Heuristic:Avdvg InjectGuard Module Level Initialization
| Knowledge Sources | |
|---|---|
| Domains | Python, Architecture, Optimization |
| Last Updated | 2026-02-14 16:00 GMT |
Overview
Importing the InjectGuard module triggers GPU allocation, model download, dataset loading, and FAISS index construction as side effects, causing significant latency on first import.
Description
The InjectGuard module executes three heavy operations at module scope (outside any function or class):
- HuggingFaceEmbeddings initialization (L10-12): Downloads and loads the sentence-transformers model onto the CUDA GPU.
- CSVLoader dataset loading (L25-26): Reads the malicious prompt CSV from disk into memory.
- FAISS vector store construction (L47): Embeds all documents and builds the FAISS index.
These operations run immediately when Python executes import injectguard.vertor_similarity_detection or any from ... import ... referencing that module. There is no lazy initialization or factory pattern — the module is "live" as soon as it is imported.
Usage
Be aware of this behavior when integrating InjectGuard into a larger application. The first import will block the calling thread for several seconds (model download on first run, plus embedding and indexing). Plan for this startup cost in application initialization. Do not import this module in hot paths or test setups where the GPU/dataset may not be available.

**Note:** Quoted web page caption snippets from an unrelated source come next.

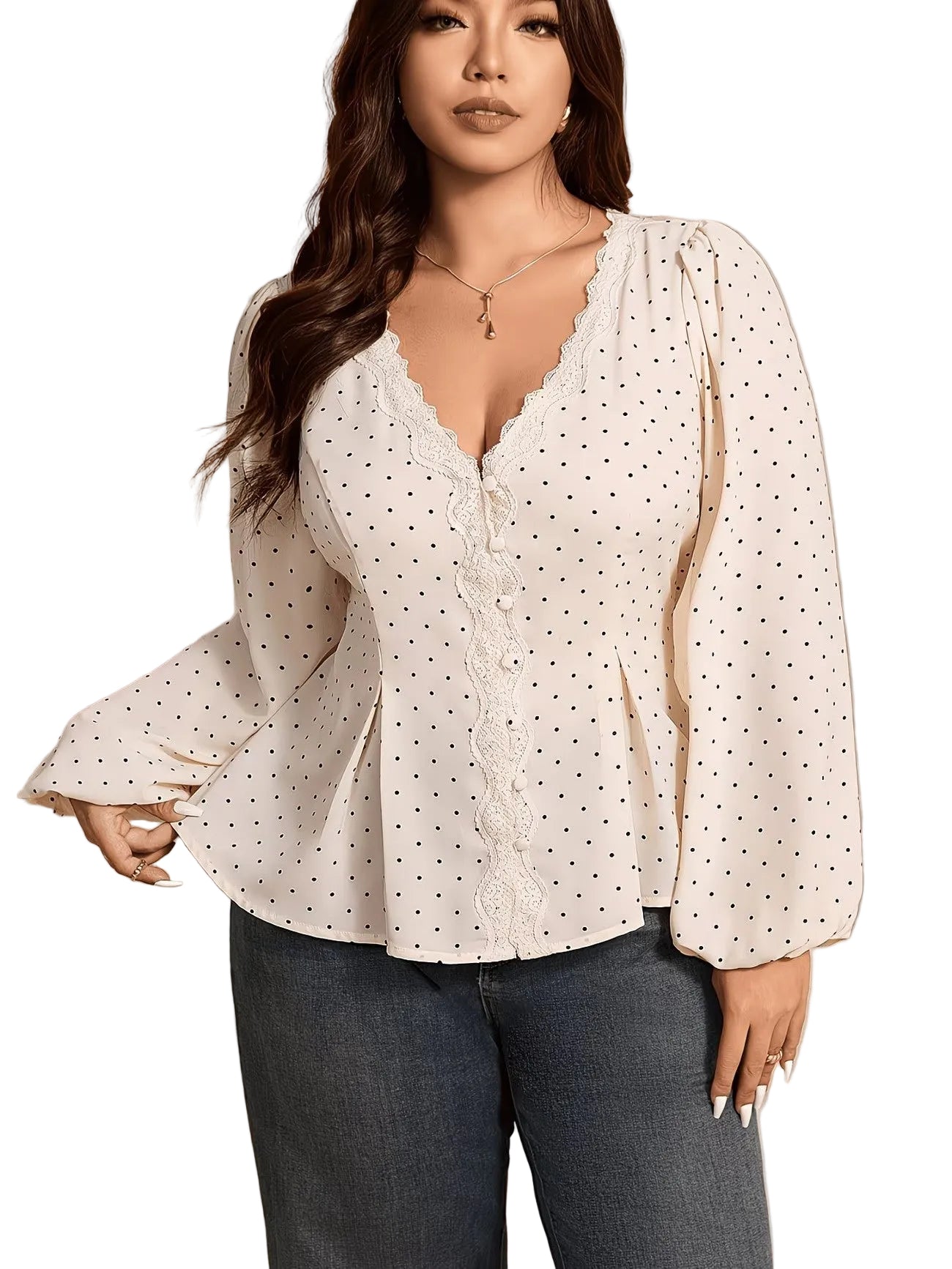 Women's Polka Dot Blouse with Lace Trim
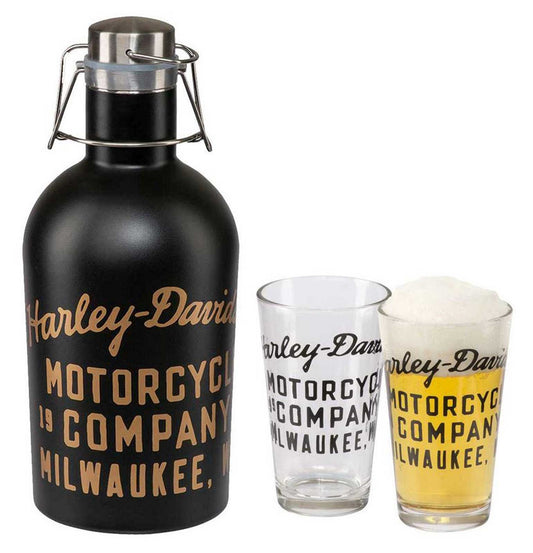 Stainless Steel 50 oz. Growler Set w/ Two 16 oz. Pint Glasses | Harley-Davidson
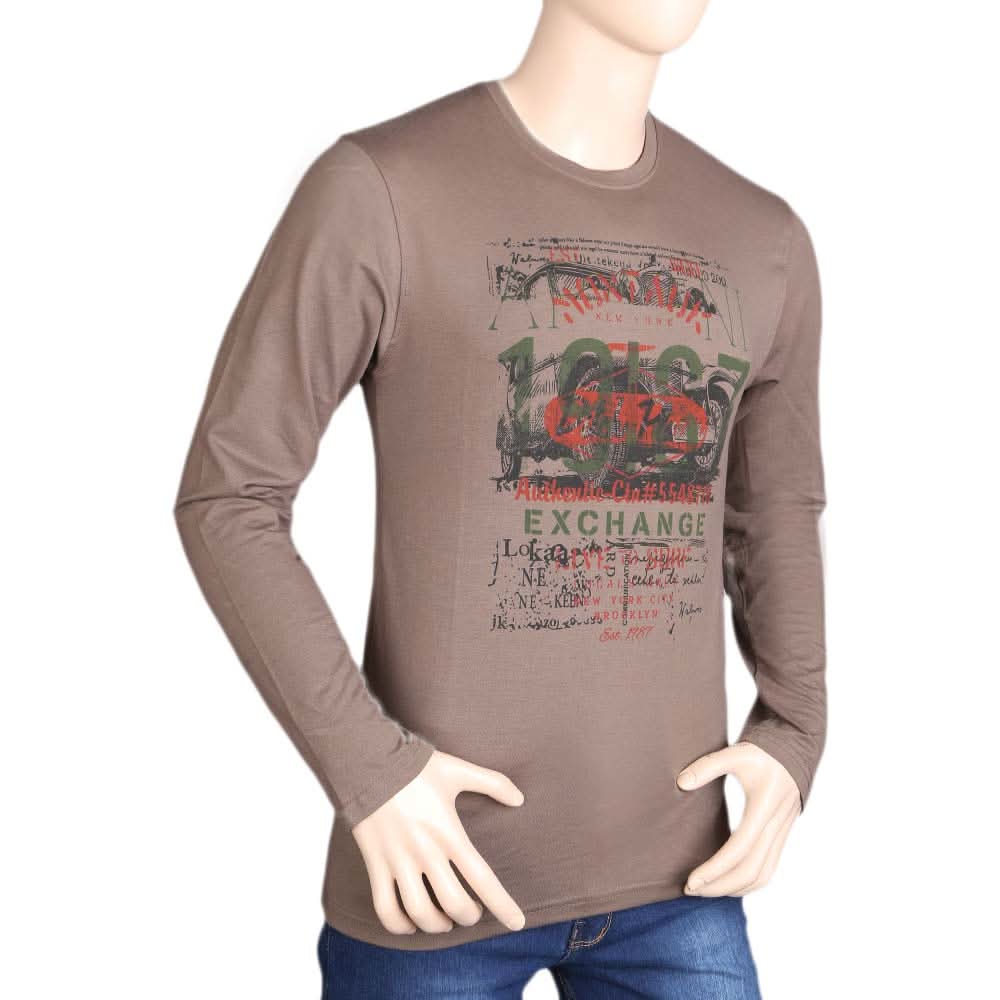 Men's Full Sleeves T Shirt - Brown, Mens T-Shirts, Chase Value, Chase Value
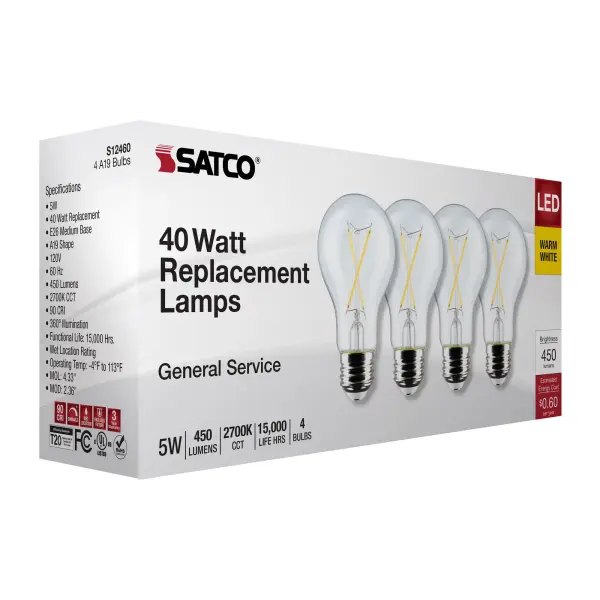 5 Watt A19 LED Filament - Clear - 2700K - Medium Base - 120 Volt - 4-Pack - Image 8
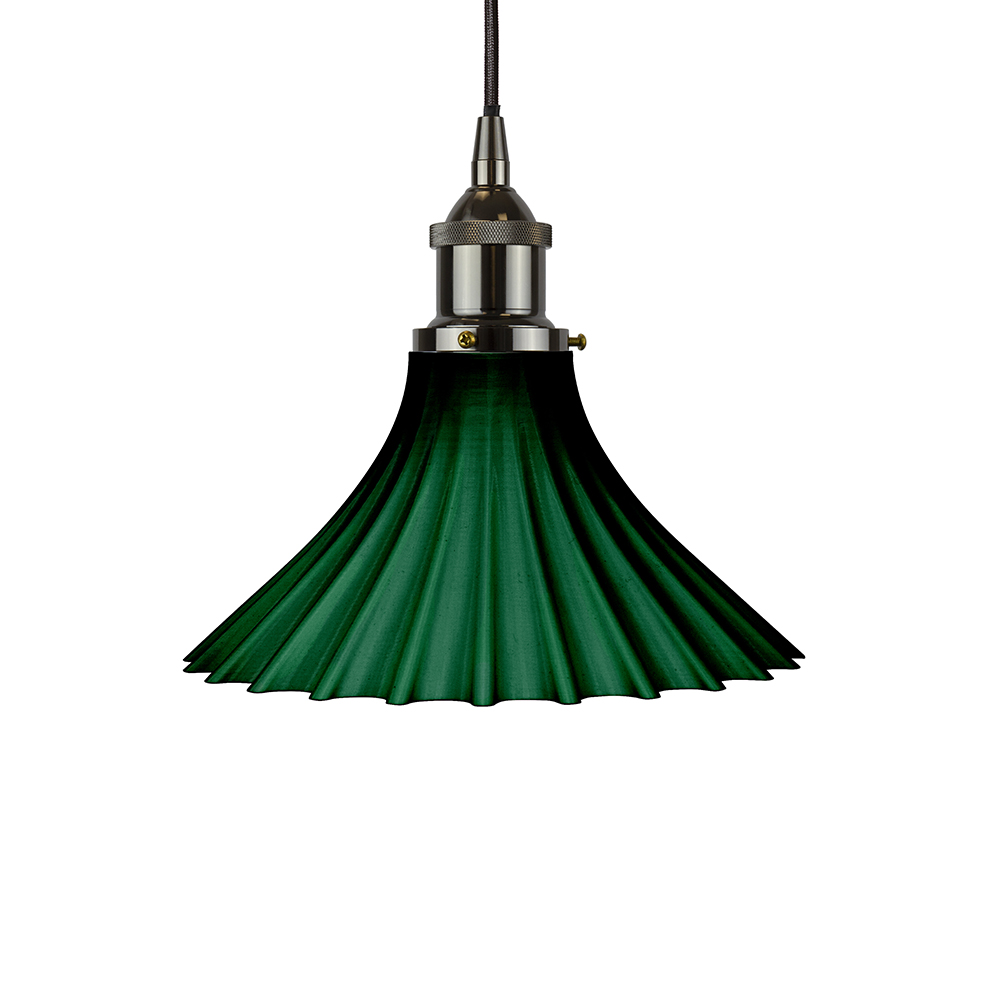 Scallop Fluted Bell Pendant Emerald Green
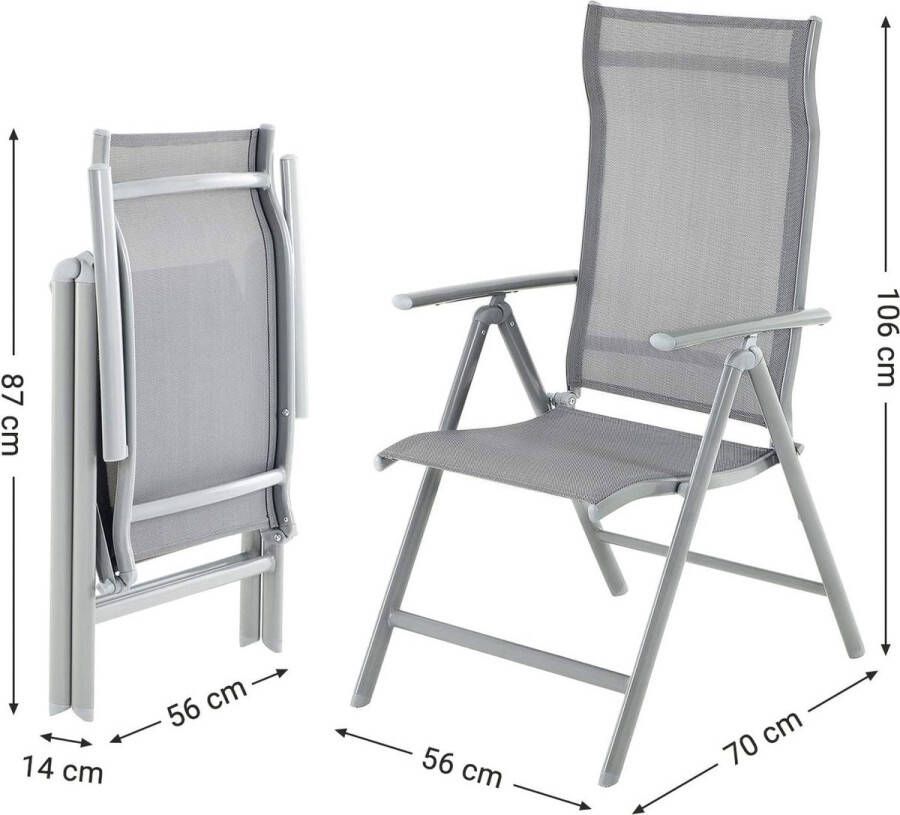 Rootz Living Rootz Betonville Tuinstoelen Set Van 4 Klapstoelen Buitenstoelen Aluminium Frame Verstelbare Rugleuning Grijs Zwart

The Insight (Rule of Thumb)
- Action: Import the module once during application startup, not on-demand per request.
- Value: Expect 5-30 seconds of initialization time depending on whether the model is cached and dataset size.
- Trade-off: Module-level init provides a simple programming model (just call
sim_search) but removes control over when resources are allocated. The GPU memory and model weights remain allocated for the process lifetime. - Workaround: To defer initialization, wrap the import in a function or use
importlib.import_module()at the desired time.
Reasoning
Module-level initialization is a common Python pattern for singletons and shared resources, but it becomes a "gotcha" when those resources are expensive. In this case, three distinct I/O and compute-bound operations happen silently:
Model initialization from vertor_similarity_detection.py:10-12:
embeddings = HuggingFaceEmbeddings(model_name="sentence-transformers/all-MiniLM-L6-v2",
model_kwargs={'device': 'cuda:2'},
encode_kwargs={'normalize_embeddings':True})
Dataset loading from vertor_similarity_detection.py:25-26:
loader = CSVLoader(file_path='./dataset/malicious_data_demo.csv')
docs = loader.load()
Index construction from vertor_similarity_detection.py:47:
vector_store = FAISS.from_documents(docs, embeddings)
All three execute at import time. If the CUDA device is unavailable, the CSV file is missing, or the HuggingFace model cannot be downloaded, the import itself will raise an exception — not the function call.